I fear that pedestrians could get screwed with this project. The problem is that, compared to the amount of people concerned with gentrification and parking, there are far fewer folks out there who are making waves about the importance of wide sidewalks, bike lanes, or public infrastructure. I can only hope that the planners spend money on the right things, and that sidewalks don't get lost amid the political shuffle.


[Bowties are very popular among planners and non-profit professionals. Planning drawings are used only for decorative effect.]

2009-11-05

Reading the Highland Villager #7 (October 21 - November 3 Edition)

[Basically, the problem is that the best source of local streets & sidewalks news in Saint Paul is the Highland Villager. This wouldn't be a problem, except that its not available online. I'm reading the Highland Villager so that you don't have to. Until this newspaper goes online, sidewalk information must be set free.]

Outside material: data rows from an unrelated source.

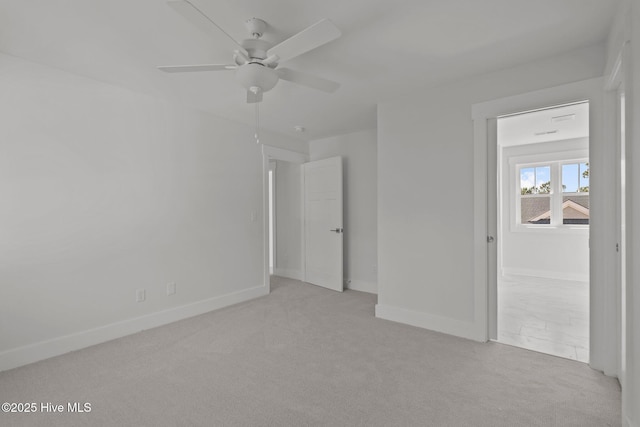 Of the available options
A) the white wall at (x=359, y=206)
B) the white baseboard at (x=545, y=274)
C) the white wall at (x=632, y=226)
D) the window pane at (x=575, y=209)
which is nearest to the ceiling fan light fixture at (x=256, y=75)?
the white wall at (x=632, y=226)

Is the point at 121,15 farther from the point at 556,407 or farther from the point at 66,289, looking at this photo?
the point at 556,407

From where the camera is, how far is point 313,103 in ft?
11.2

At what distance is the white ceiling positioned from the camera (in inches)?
71.8

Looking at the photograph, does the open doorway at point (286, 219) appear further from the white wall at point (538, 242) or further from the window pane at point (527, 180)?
the window pane at point (527, 180)

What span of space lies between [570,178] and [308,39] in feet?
20.4

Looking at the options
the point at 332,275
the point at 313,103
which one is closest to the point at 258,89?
the point at 313,103

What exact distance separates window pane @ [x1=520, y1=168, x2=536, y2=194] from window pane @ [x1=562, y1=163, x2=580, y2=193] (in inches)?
18.2

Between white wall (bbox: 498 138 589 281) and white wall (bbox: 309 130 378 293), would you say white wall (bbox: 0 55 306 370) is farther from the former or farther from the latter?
white wall (bbox: 498 138 589 281)

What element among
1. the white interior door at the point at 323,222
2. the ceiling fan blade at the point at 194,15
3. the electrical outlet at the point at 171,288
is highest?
the ceiling fan blade at the point at 194,15

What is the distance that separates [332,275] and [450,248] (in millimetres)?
2139

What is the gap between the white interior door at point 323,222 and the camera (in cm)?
463

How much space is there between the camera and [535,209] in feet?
19.7

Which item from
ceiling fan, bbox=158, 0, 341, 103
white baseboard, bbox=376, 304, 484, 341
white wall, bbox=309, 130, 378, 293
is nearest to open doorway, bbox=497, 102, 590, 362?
white baseboard, bbox=376, 304, 484, 341

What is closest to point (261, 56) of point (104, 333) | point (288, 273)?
point (104, 333) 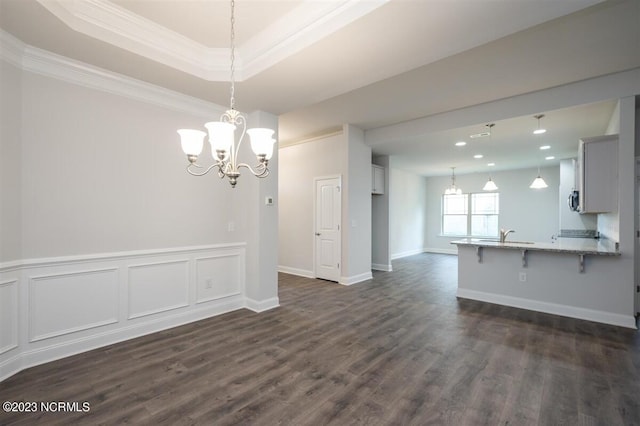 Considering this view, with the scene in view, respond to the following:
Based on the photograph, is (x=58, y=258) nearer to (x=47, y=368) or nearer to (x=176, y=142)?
(x=47, y=368)

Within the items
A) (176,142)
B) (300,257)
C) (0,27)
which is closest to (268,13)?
(176,142)

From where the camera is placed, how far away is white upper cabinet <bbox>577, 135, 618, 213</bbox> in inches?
148

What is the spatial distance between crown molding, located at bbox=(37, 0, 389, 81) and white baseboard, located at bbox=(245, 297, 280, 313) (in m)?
2.89

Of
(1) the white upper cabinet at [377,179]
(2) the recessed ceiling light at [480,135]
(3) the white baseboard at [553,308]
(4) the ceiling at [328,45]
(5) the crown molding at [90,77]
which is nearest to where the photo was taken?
(4) the ceiling at [328,45]

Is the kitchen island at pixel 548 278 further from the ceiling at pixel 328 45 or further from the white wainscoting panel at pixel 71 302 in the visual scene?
the white wainscoting panel at pixel 71 302

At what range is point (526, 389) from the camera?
2.30 m

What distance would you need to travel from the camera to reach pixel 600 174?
12.6ft

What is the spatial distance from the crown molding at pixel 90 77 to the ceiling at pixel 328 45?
10 cm

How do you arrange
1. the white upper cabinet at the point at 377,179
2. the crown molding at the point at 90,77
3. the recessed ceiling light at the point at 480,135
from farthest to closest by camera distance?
the white upper cabinet at the point at 377,179 < the recessed ceiling light at the point at 480,135 < the crown molding at the point at 90,77

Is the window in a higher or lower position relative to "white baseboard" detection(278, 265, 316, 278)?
higher

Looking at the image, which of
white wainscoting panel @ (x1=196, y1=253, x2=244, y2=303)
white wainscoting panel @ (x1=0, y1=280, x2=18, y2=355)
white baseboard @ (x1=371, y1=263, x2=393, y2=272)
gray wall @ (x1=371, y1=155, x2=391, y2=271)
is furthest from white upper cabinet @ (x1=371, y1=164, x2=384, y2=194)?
white wainscoting panel @ (x1=0, y1=280, x2=18, y2=355)

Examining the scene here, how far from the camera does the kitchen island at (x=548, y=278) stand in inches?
146

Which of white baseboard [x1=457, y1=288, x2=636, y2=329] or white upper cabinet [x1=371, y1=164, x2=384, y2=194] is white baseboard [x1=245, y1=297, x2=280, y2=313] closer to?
white baseboard [x1=457, y1=288, x2=636, y2=329]

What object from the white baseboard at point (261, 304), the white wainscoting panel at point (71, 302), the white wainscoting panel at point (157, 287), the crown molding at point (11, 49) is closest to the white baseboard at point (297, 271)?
the white baseboard at point (261, 304) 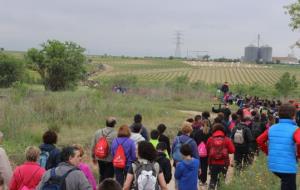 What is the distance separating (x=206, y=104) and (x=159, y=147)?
28125 millimetres

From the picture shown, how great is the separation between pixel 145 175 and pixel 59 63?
40982 mm

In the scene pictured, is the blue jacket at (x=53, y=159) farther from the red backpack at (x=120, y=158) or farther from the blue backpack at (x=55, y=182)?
the blue backpack at (x=55, y=182)

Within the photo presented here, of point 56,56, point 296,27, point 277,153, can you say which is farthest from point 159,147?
point 56,56

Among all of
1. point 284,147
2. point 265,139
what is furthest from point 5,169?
point 284,147

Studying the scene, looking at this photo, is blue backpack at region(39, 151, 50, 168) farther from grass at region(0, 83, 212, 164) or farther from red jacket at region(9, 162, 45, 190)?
grass at region(0, 83, 212, 164)

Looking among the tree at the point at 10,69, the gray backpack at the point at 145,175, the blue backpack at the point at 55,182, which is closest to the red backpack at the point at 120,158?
the gray backpack at the point at 145,175

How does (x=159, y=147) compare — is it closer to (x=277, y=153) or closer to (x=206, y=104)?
(x=277, y=153)

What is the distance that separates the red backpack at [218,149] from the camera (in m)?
10.1

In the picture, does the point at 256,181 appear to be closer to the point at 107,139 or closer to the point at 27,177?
the point at 107,139

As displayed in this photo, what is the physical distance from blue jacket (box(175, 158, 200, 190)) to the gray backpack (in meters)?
1.54

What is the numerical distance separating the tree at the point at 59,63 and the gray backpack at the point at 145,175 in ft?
131

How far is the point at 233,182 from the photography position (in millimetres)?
10375

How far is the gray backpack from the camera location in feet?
22.2

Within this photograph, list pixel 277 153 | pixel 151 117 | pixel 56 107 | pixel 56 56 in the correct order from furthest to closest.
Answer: pixel 56 56 < pixel 151 117 < pixel 56 107 < pixel 277 153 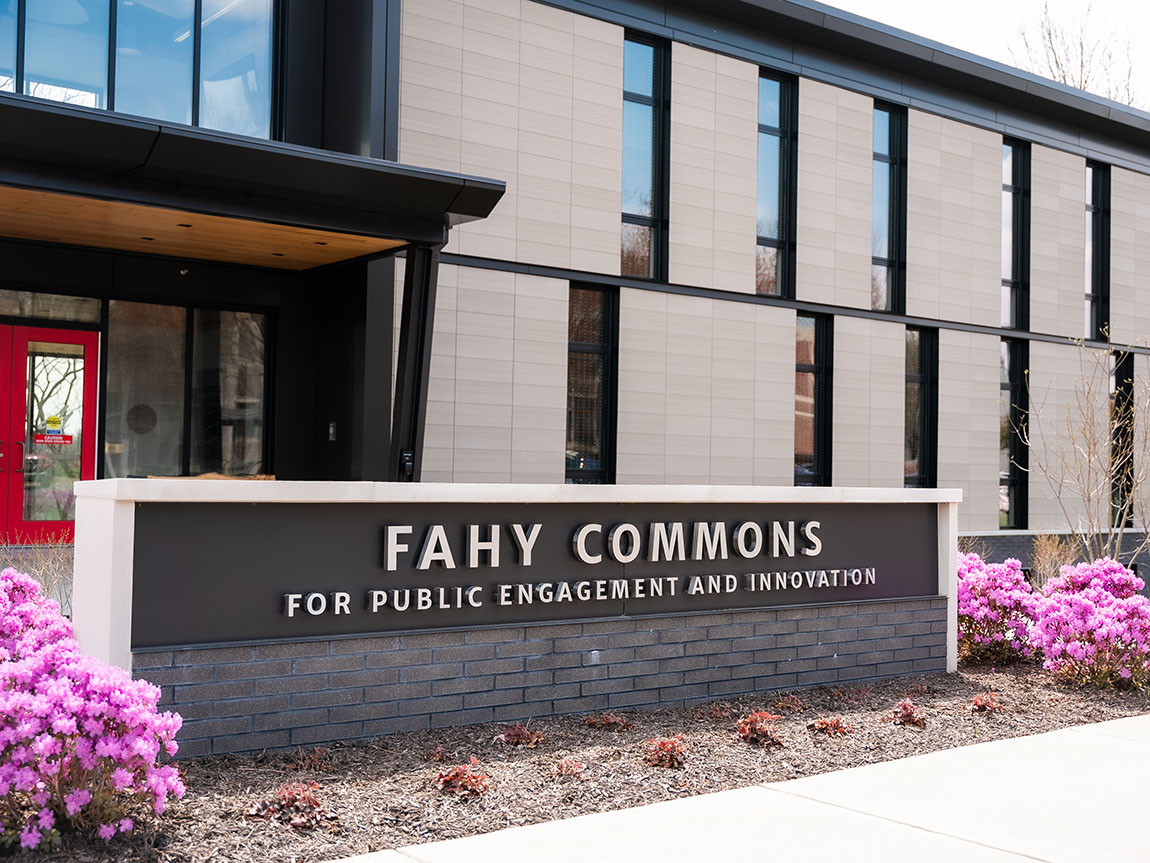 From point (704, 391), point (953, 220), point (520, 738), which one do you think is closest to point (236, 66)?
point (704, 391)

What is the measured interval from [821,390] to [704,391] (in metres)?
2.97

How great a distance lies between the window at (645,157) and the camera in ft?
58.7

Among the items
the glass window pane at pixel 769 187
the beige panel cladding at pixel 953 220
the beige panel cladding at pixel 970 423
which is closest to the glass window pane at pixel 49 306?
the glass window pane at pixel 769 187

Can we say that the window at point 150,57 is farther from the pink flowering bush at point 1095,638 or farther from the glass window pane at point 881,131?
the glass window pane at point 881,131

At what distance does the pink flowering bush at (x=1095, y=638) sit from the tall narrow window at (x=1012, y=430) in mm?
13749

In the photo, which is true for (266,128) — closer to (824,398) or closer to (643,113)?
(643,113)

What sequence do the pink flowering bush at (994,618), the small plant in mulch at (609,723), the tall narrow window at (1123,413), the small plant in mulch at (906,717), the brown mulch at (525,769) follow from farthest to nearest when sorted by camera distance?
the tall narrow window at (1123,413)
the pink flowering bush at (994,618)
the small plant in mulch at (906,717)
the small plant in mulch at (609,723)
the brown mulch at (525,769)

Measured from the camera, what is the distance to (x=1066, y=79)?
35.8 m

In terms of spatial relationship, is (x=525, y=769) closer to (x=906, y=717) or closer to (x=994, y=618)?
(x=906, y=717)

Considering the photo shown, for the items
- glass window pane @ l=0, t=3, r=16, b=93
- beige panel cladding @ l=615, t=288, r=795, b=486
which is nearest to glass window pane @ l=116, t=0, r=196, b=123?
glass window pane @ l=0, t=3, r=16, b=93

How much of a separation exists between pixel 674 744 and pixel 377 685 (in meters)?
1.82

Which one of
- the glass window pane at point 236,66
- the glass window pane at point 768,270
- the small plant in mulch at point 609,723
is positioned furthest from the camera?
the glass window pane at point 768,270

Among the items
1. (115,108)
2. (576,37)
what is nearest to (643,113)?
(576,37)

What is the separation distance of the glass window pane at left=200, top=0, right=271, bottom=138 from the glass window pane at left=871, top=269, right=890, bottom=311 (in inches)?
449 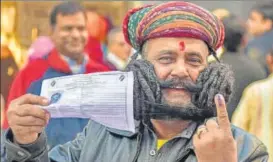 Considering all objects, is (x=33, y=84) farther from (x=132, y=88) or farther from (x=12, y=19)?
(x=12, y=19)

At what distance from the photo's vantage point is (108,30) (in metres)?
11.2

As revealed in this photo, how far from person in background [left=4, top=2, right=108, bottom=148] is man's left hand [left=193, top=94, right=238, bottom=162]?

Total # of articles about sidewalks: 7
Total # of articles about sidewalks written by Jane McClure: 7


Title: St. Paul looks to spread wealth of $2M windfall: Large utility bill refund could benefit a dozen city projects
Author: Jane McClure

Short short version: Como Park conservatory has been overpaying its utility bills for many years now [Oops! -ed.], which means that the city will build new picnic benches, a new park field, and start work on a "circulator bus in the Summit-University neighborhood".


Title: Reuse of Ford site may require big subsidy
Author: Jane McClure

Short short version: Retaining industrial jobs at the massive Ford Plant site in Saint Paul will be expensive. [It's too bad because its an ideal waterpower and cave location for a factory. -ed.] Saint Paul is in stiff competition with every other de-industrializing city in the country for industrial and "green" industrial jobs.


Title: City lowers fees but keeps petition in place for backyard chicken coops
Author: Jane McClure

Short short version: A chicken permit in Saint Paul only costs $27 now, down from $72. Bur you still have to get 75% of your neighbors to sign off on it.


Title: Sweeping changes urged for off-street parking requirements
Author: Jane McClure

Short short version: St Paul planning commission is suggesting changing required off-street parking. [This is a big deal. Fewer req'd parkign spots = fewer cars = more transit and walking neighborhoods. -ed.] Many public meetings to come in November and December, but this issue will be hotly contested because people cling their neighborhood parking spots white-knuckled death grips.


Title: University businesses given an early warning on light rail
Author: Jane McClure

Short short version: DT StP businesses got shafted during construction earlier this year, b/c the construction crews didn't put up "we're open" signs. They are advising University Avenue business owners to be sure to do that pronto when construction begins on the LRT.


Title: Council approaves increases in right-of-way maintenance assessments of 8-plus percent
Author: Jane McClure

Short short version: State LGA-cut induced budget crunch at the city means that Saint Paul will be charging more for street maintenance. Obviously property owners don't like this.


Title: Commission supports variances, rezoning for a Subway on Selby
Author: Jane McClure

Short short version: St Paul planning comission approved variances for a Subway sandwich shop on Selby Avenue and Victoria Street, on what used to be a gas station site. The plan required parking variances, of the kind noted above. Full vote to come soon.